··· EXTRACTED RECORDS ···

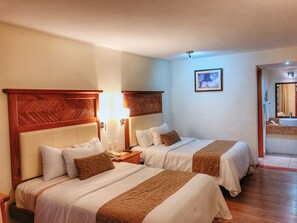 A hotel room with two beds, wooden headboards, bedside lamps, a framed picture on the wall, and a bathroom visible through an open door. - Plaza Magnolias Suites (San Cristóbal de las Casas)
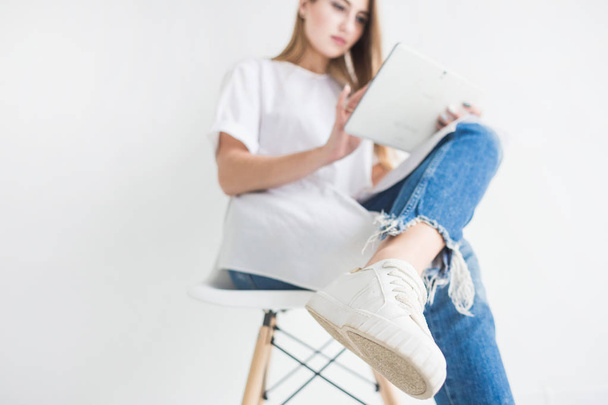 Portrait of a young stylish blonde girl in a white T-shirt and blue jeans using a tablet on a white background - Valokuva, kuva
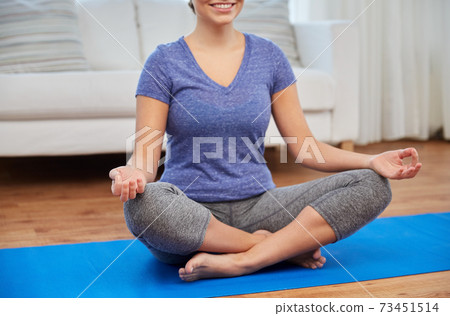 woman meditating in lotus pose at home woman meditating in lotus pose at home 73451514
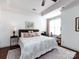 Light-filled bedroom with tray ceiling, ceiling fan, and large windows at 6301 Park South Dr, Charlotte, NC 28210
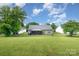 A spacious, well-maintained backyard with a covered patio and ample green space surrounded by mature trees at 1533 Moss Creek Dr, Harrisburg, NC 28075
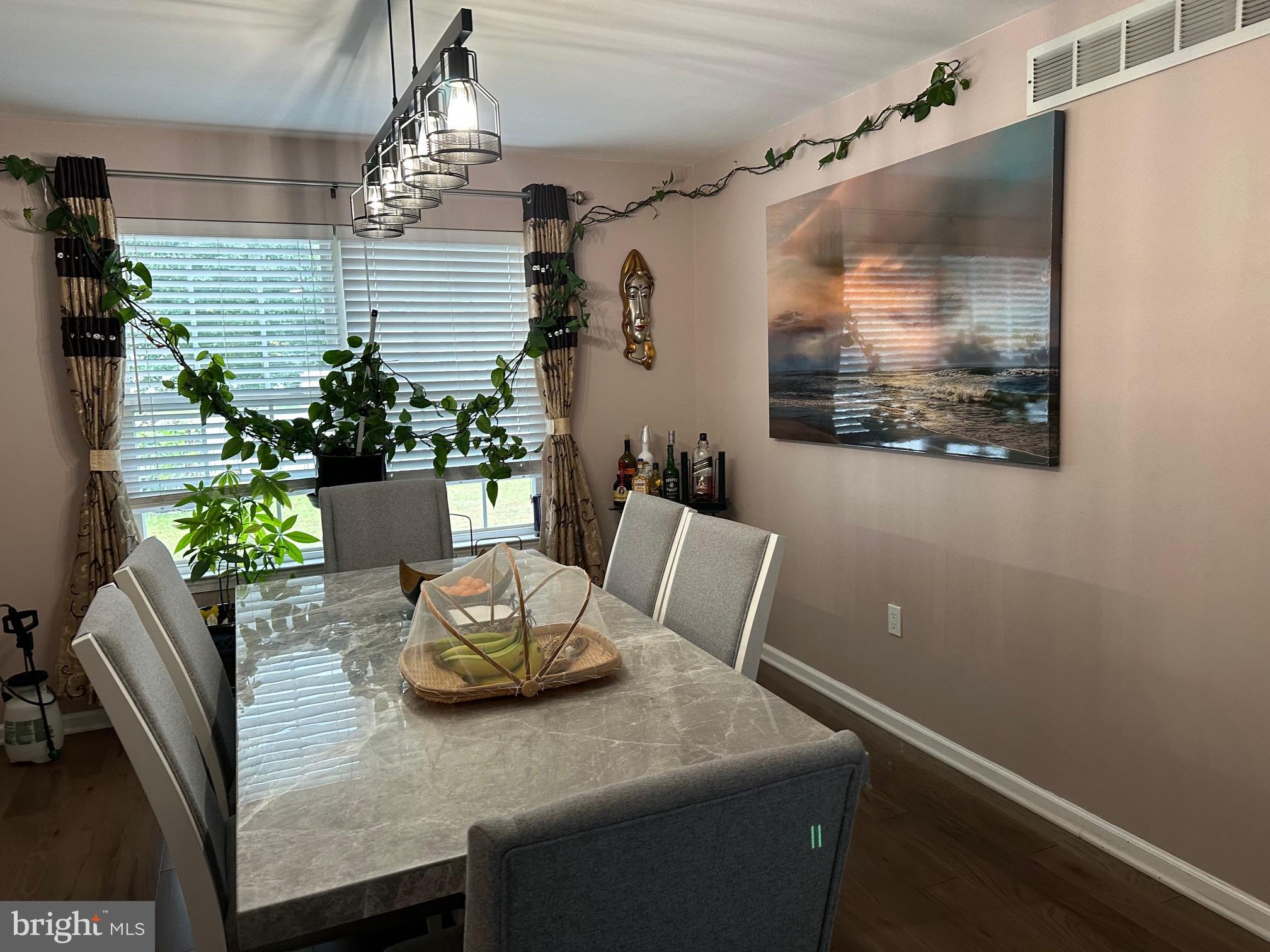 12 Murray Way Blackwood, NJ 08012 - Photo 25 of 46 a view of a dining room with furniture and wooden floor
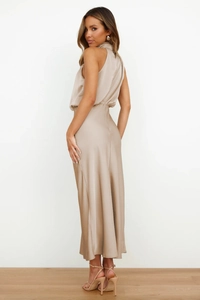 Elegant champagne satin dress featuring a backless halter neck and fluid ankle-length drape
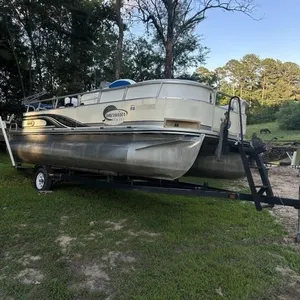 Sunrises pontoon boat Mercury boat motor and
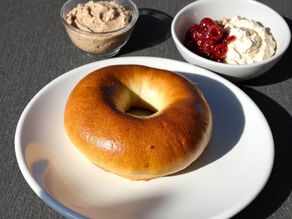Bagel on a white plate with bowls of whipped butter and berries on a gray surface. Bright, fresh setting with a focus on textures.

···
··· EXTRACTED RECORDS ···

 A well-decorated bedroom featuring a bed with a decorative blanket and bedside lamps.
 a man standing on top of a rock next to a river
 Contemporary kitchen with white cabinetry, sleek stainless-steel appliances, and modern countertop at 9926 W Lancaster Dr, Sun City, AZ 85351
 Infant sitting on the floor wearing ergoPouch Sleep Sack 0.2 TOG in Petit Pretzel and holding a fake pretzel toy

···
··· EXTRACTED RECORDS ···

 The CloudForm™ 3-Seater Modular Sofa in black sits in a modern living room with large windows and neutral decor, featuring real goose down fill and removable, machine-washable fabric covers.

···

EXERCISE DETAILS » From the entries above, write out only the lines starting at the line that holds "Contemporary kitchen with" and ending at the line that holds "Infant sitting on", keeping both and matching them exactly.

PROBLEM SOLUTION »
 Contemporary kitchen with white cabinetry, sleek stainless-steel appliances, and modern countertop at 9926 W Lancaster Dr, Sun City, AZ 85351
 Infant sitting on the floor wearing ergoPouch Sleep Sack 0.2 TOG in Petit Pretzel and holding a fake pretzel toy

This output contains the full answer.